- [Task]:
Skip the pictures and repeat each line of the data exactly.
*** Data for this task Section Begins ***
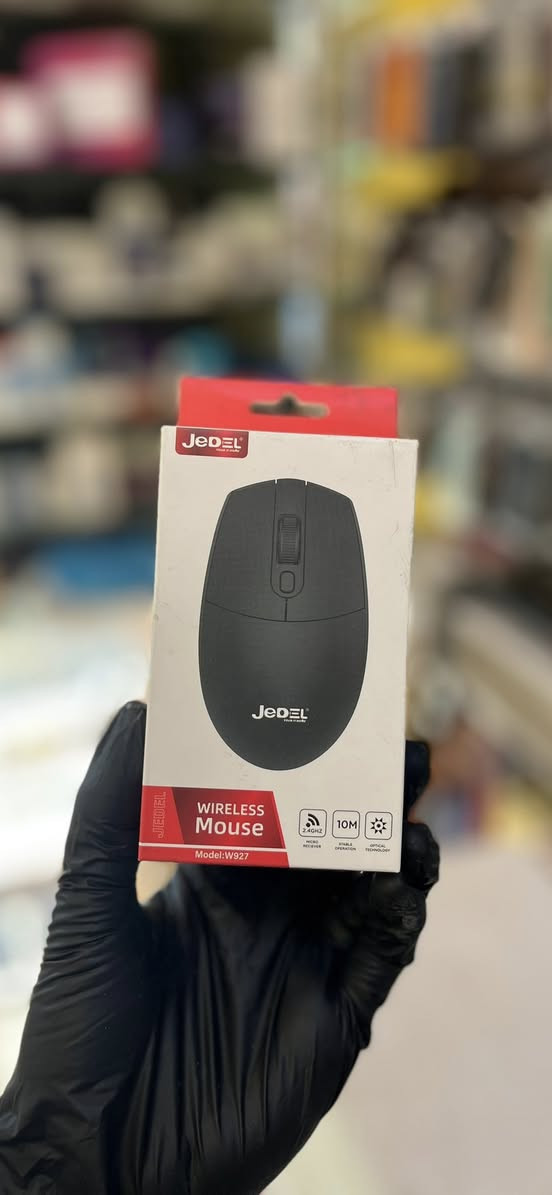 وفرنالكم انواع مختلفة من الماوسات الخاصة بالحاسوب بلوتوث وواير وباسعار مختلفة و مناسبة زورونا نحن بخدمتكم
@إشارة
الاصيل للموبايلات
#موبايل
#عرض
#صيانة
#طوزخورماتو
#توصيل
#موبايلات


**إذا كنت صاحب هذا الإعلان وتريد حذفه لأي سبب، رجاءا أرسل رسالة إلى الدعم الفني**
*** Data for this task Section Ends ***
- [The completed task]:
 وفرنالكم انواع مختلفة من الماوسات الخاصة بالحاسوب بلوتوث وواير وباسعار مختلفة و مناسبة زورونا نحن بخدمتكم
@إشارة
الاصيل للموبايلات
#موبايل
#عرض
#صيانة
#طوزخورماتو
#توصيل
#موبايلات


**إذا كنت صاحب هذا الإعلان وتريد حذفه لأي سبب، رجاءا أرسل رسالة إلى الدعم الفني**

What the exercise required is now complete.